Data extracted from a collection

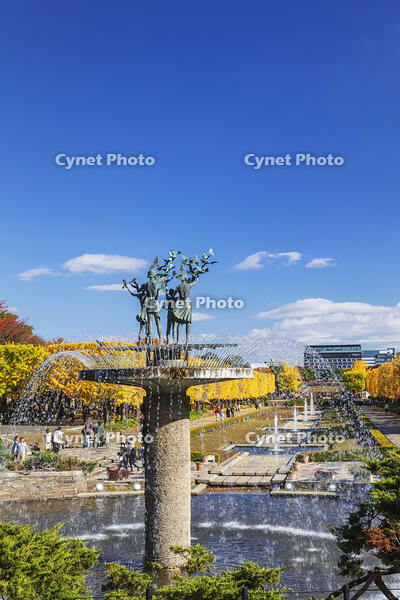 国営昭和記念公園のイチョウ並木 [KNO110023625]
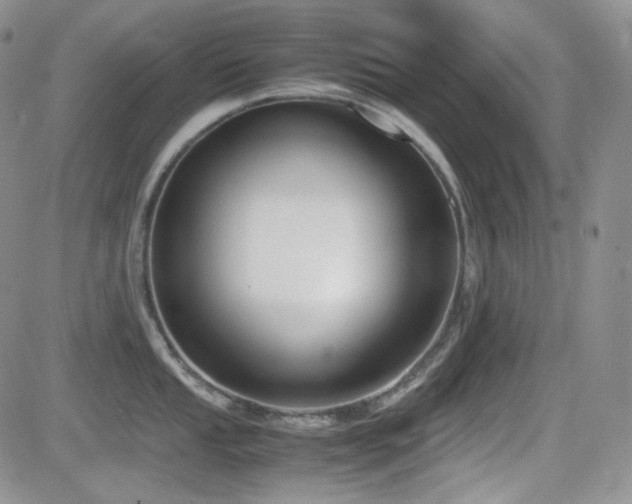 X0000081631053200701151420
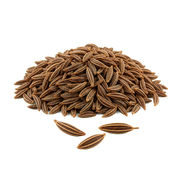 caraway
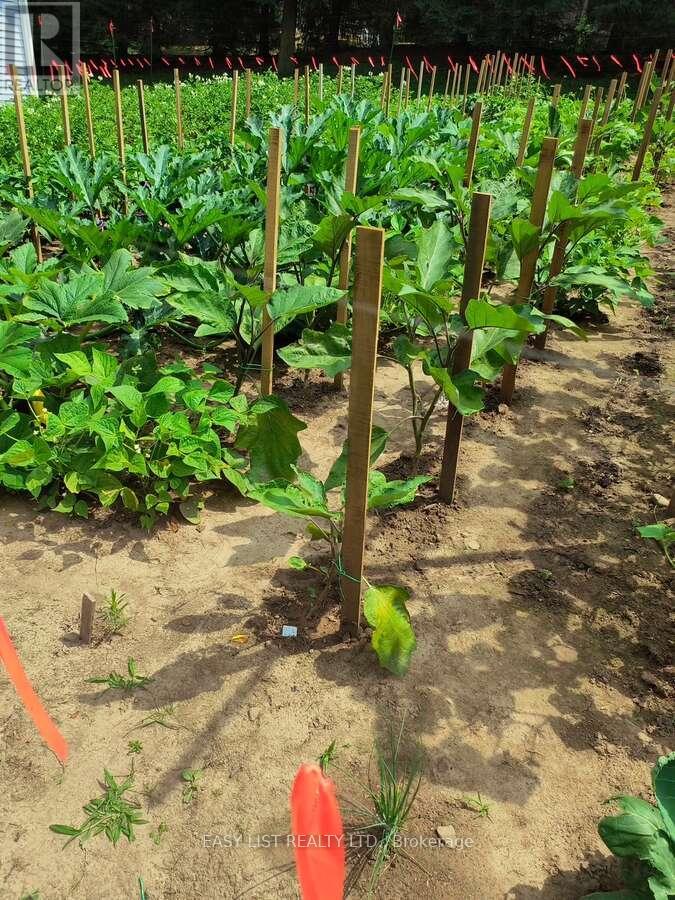 1109 Effingham Street, Pelham, Ontario  L0S 1C0 - Photo 18 - X12888636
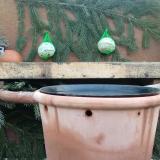 photo 2024-01-25 07-54-41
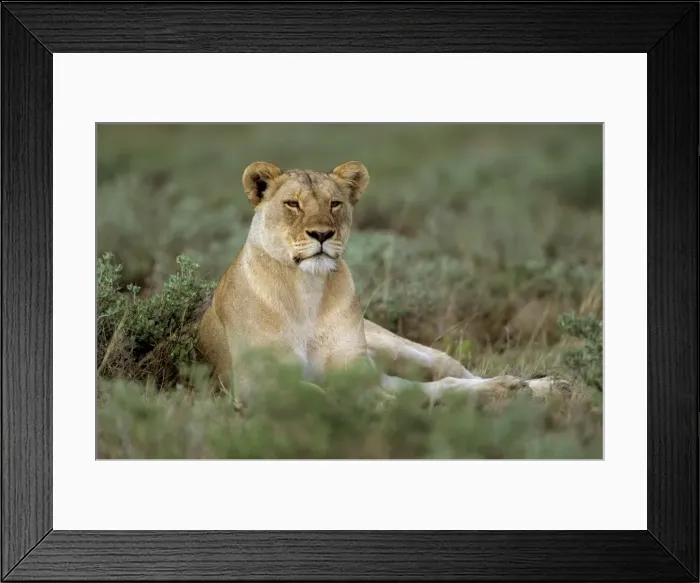 Framed Print : Lioness (Panthera leo) Framed Print : Lioness (Panthera leo)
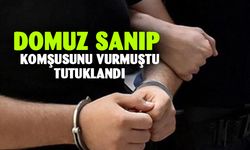 Komşusunu domuz sanarak vuran şahıs tutuklandı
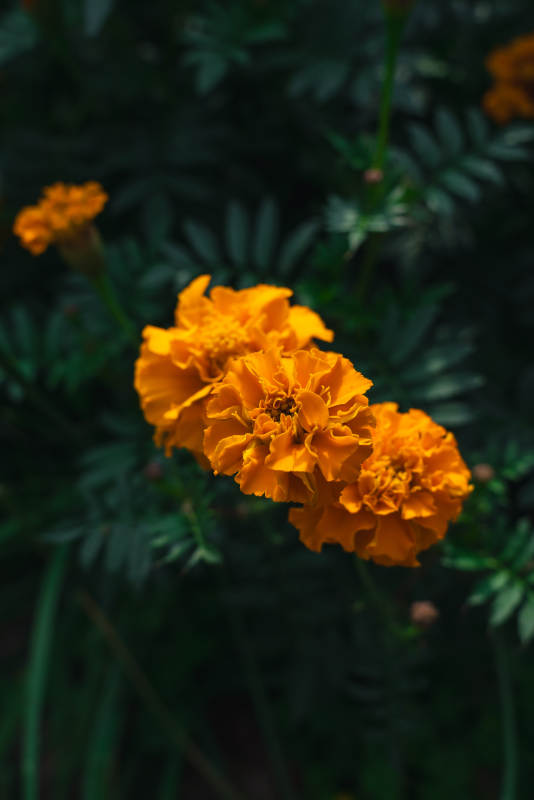 金黄色花朵绽放图片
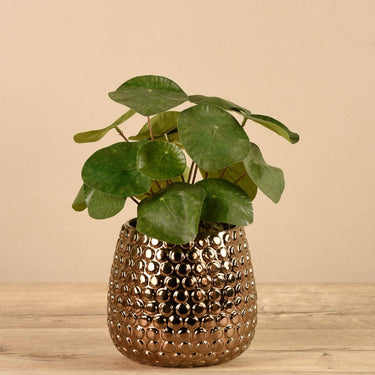 Plants-Potted Pancake-Bloomr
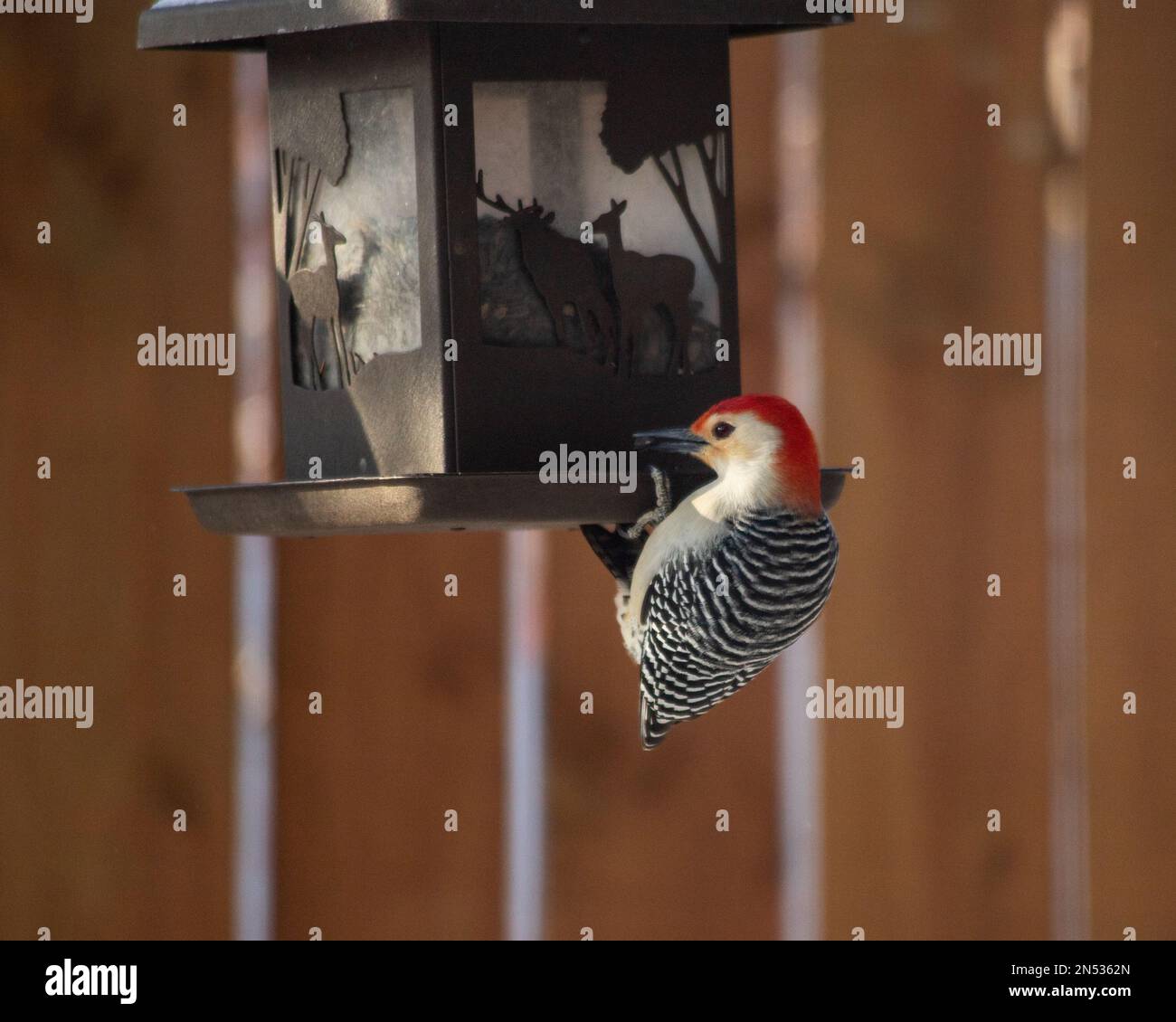 Redbellied woodpecker on a bird feeder with black sunflower seed, with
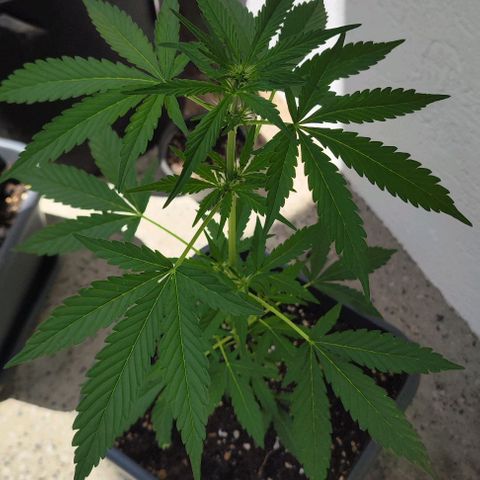 Edith growlog timeline photo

→ **What you have to do**
Leave out the pictures and output the rest of the records exactly.

→ **Problem solution**
 国営昭和記念公園のイチョウ並木 [KNO110023625]
 X0000081631053200701151420
 caraway
 1109 Effingham Street, Pelham, Ontario  L0S 1C0 - Photo 18 - X12888636
 photo 2024-01-25 07-54-41
 Framed Print : Lioness (Panthera leo) Framed Print : Lioness (Panthera leo)
 Komşusunu domuz sanarak vuran şahıs tutuklandı
 金黄色花朵绽放图片
 Plants-Potted Pancake-Bloomr
 Redbellied woodpecker on a bird feeder with black sunflower seed, with
 Edith growlog timeline photo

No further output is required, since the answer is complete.